In a statement, Flyr said it is targeting a temporary cost reduction of up to 50%, with an estimated reduction in cash burn through the winter of approximately NOK400 million ($38 million). Alongside the suspension of non-profitable routes, the carrier will use furloughs either on a full-time or part-time basis and is seeking to raise further investment.
“We are entering a demanding winter season where discretionary consumer spending is expected to decrease significantly following the recent interest rate hikes, high general cost inflation and record high energy prices,” CEO Tonje Wikstrøm Frislid said.
“This is hard-hitting to the airline industry and Flyr as a company and will result in reduced demand for air travel. This, together with the lasting high jet-fuel prices, leaves us with no other option than to adjust our route offering for the coming winter season.”

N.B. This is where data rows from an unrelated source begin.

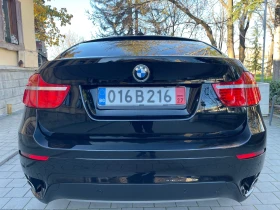 BMW X6 4.0D#306KC#8ZF#FULL MAXX!, снимка 3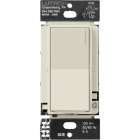 Lutron Sunnata Switch - Pumice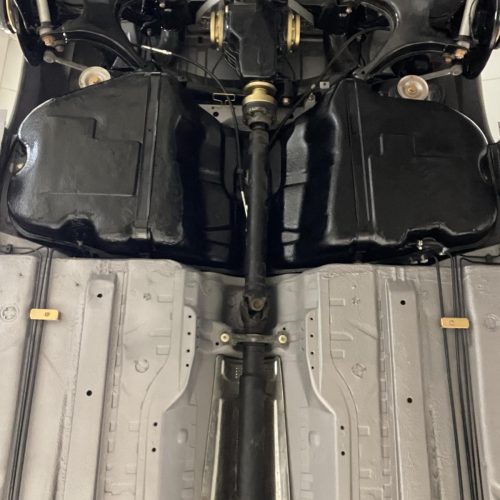 viber_kép_2025-01-27_12-50-36-010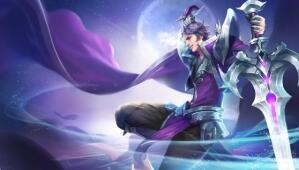 疾风之翼PC版下载 疾风之翼电竞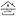 rzaimka.ru favicon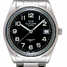 Glycine Combat Automatic 37mm 3787.19AT S-1 Watch - 3787.19at-s-1-1.jpg - lorenzaccio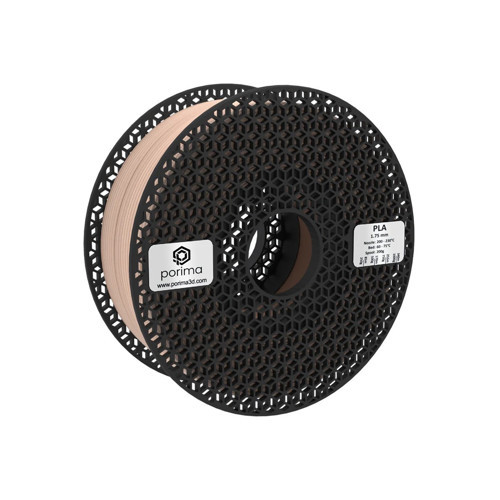Pla Filament 1.75mm 1Kg.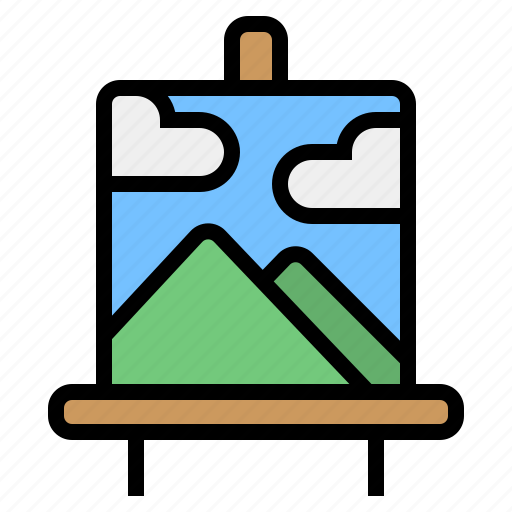 Art, artboard, design, graphic, photo, picture, preview icon - Download on Iconfinder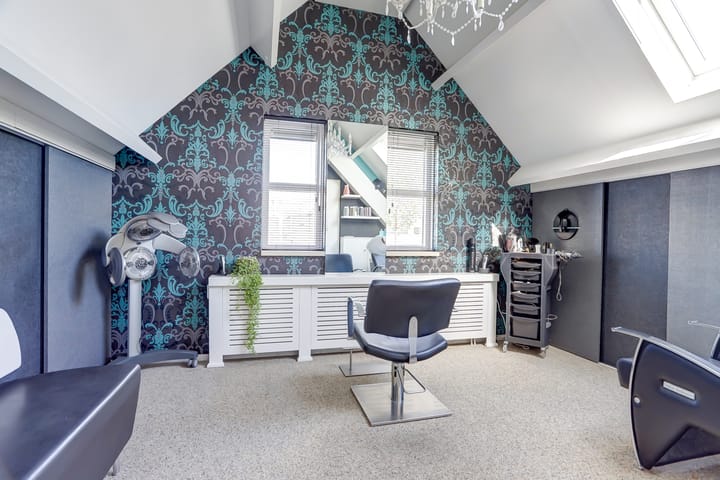 Photo 40 of 's-Gravenpolderseweg 102-C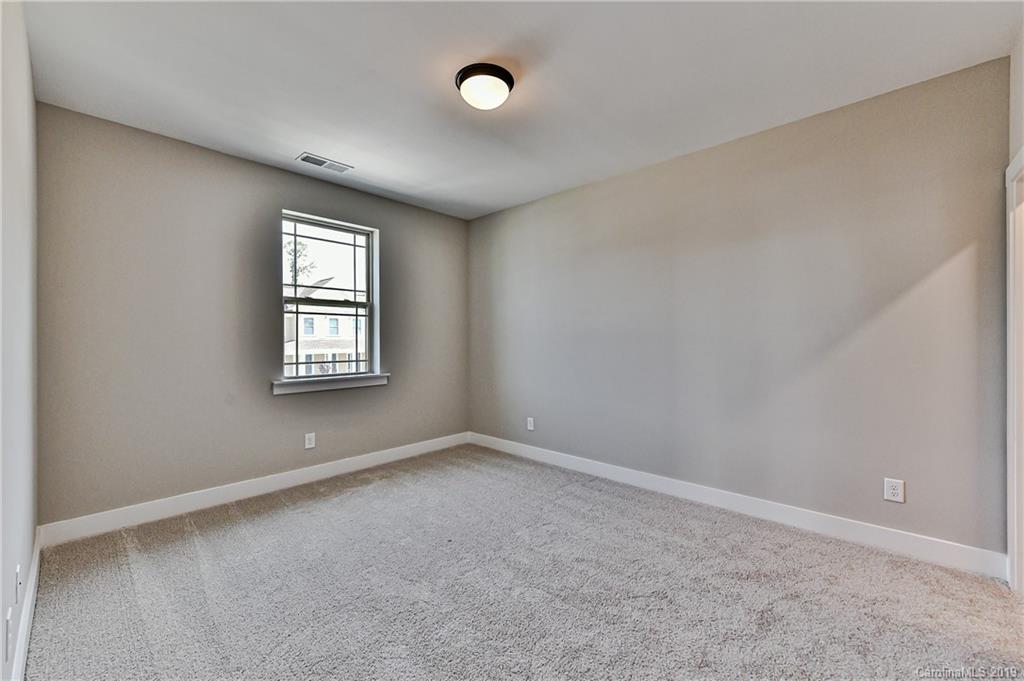 1715 Half Pint Loop, Unit 136 Fort Mill, SC 29708 - Photo 18 of 24 Gallery Image 18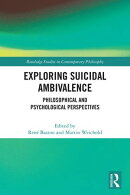 Exploring Suicidal Ambivalence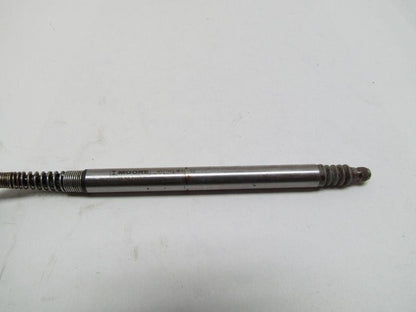 Moore 13820-97 Linear Transducer Gage Probe Sensor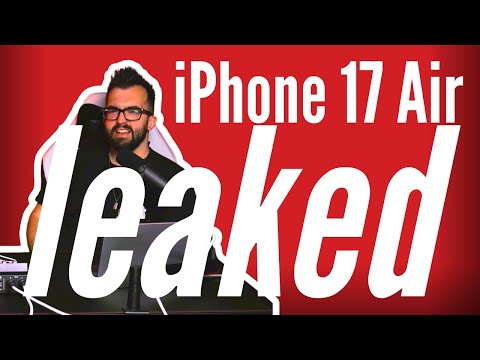 The Week in Tech: A million phone leaks, the future of apps, and Tesla's bummer new feature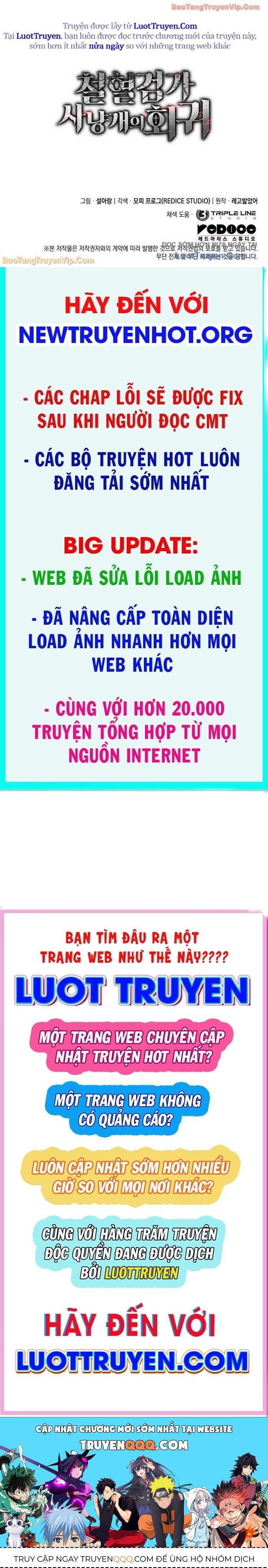 Trang 91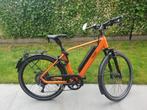 Speedelec / Speedpedelec QWIC RD11, Fietsen en Brommers, Ophalen, Gebruikt, 30 tot 50 km per accu, Qwic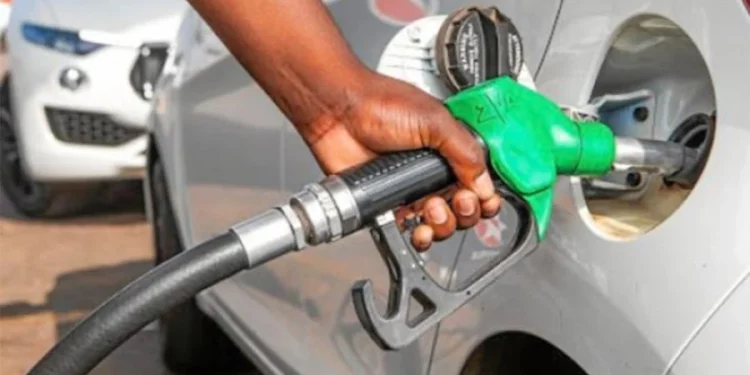 Deregulation: FG Jerks Up Landing Cost For Imported Products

Flyr plans to continue service to Alicante, Malaga, Las Palmas, Barcelona, Rome, Paris, Nice, Berlin and Brussels during winter. It will also offer flights from Oslo to Bergen and Trondheim, as well as "Christmas routes" between several cities in Norway in December.
At the present time, Flyr offers 28 routes across its network, serving 24 destinations, data provided by OAG Schedules Analyser shows. Flights to the likes of Athens, Faro, Pisa and Porto are among the destinations being cut this winter.
“We have experienced satisfactory demand on our routes to European holiday destinations and will maintain a selection of popular destinations for the coming winter,” Wikstrøm Frislid said.
She added that it has taken “longer than expected” to build loyalty among business travelers on domestic routes in Norway—and said that it has “not been to our advantage” that several competitors received state aid during the pandemic.
Flyr said it would “continuously evaluate the demand for air travel” over the coming months and respond accordingly by adding back routes if demand picks up faster than anticipated.
Additionally, the LCC has engaged financial advisory firms Arctic Securities AS, Carnegie AS and Sparebank 1 Markets to conduct meetings with both existing and potential new investors.
Flyr launched passenger flights in June 2021 and currently has six Boeing 737-8s and six 737-800s in service.